Task description: Repeat only the lines from the one containing "House On The River Apartament" to the final line below, exactly as they read, and leave every picture out.

Source data:

--

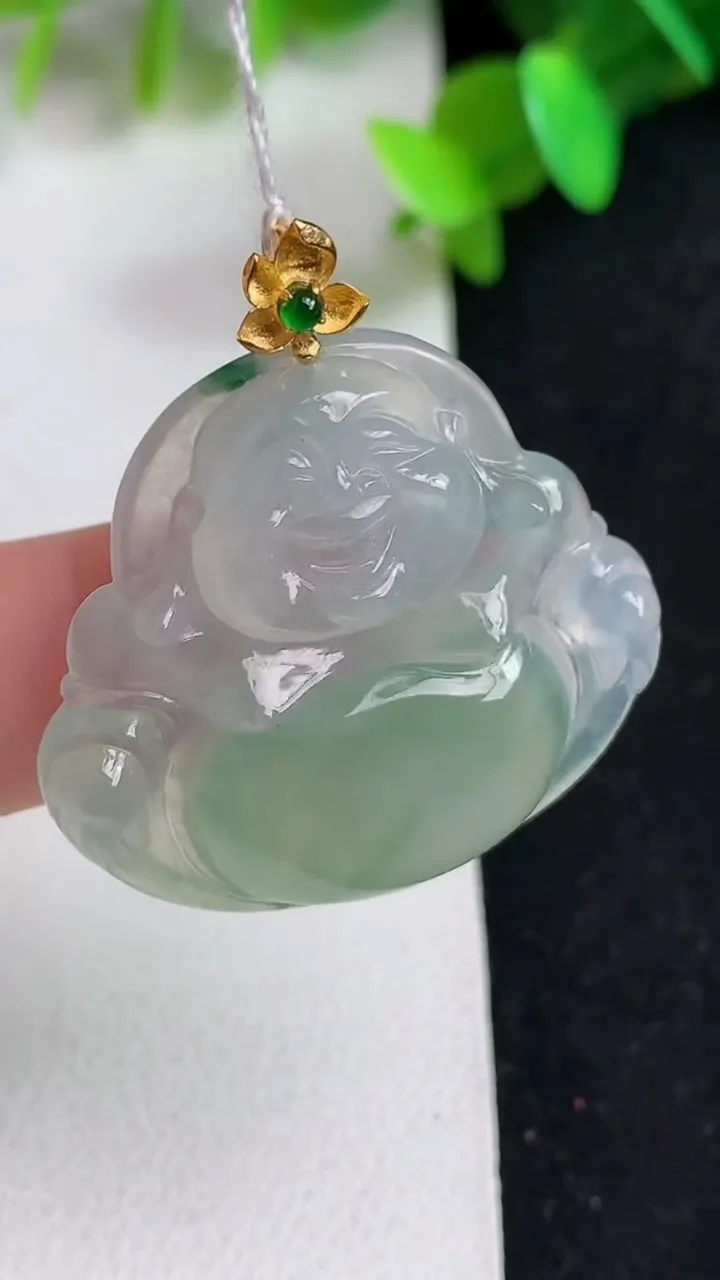 天然A货翡翠佛公吊坠，尺寸30.5-33.3-6.2，重量:9.55g
5月21日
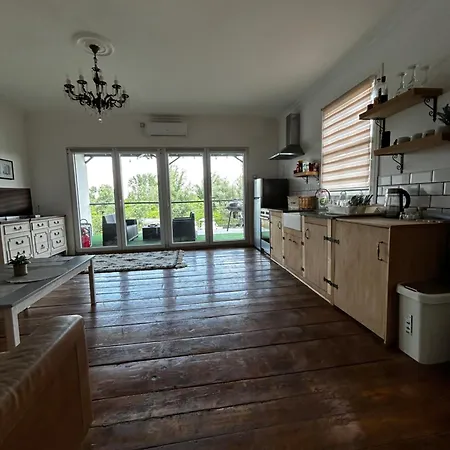 House On The River Apartament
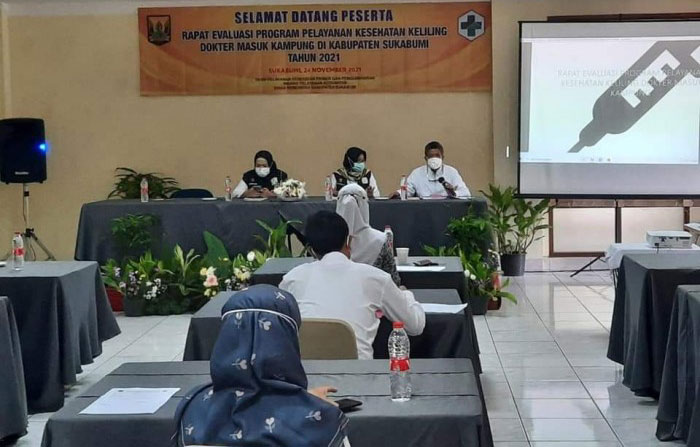 Dokter-Masuk-Kampung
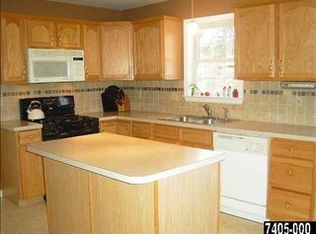 35 Rosalia Cir, York, PA 17402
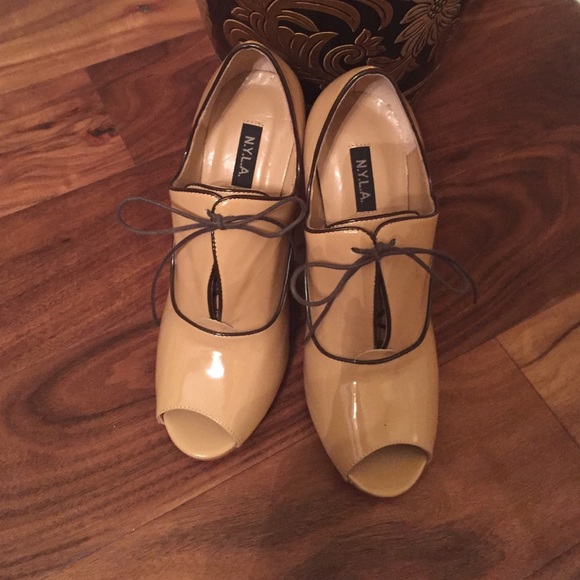 New shoes only worn 1 time for a few hours.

--

Answer box:
 House On The River Apartament
 Dokter-Masuk-Kampung
 35 Rosalia Cir, York, PA 17402
 New shoes only worn 1 time for a few hours.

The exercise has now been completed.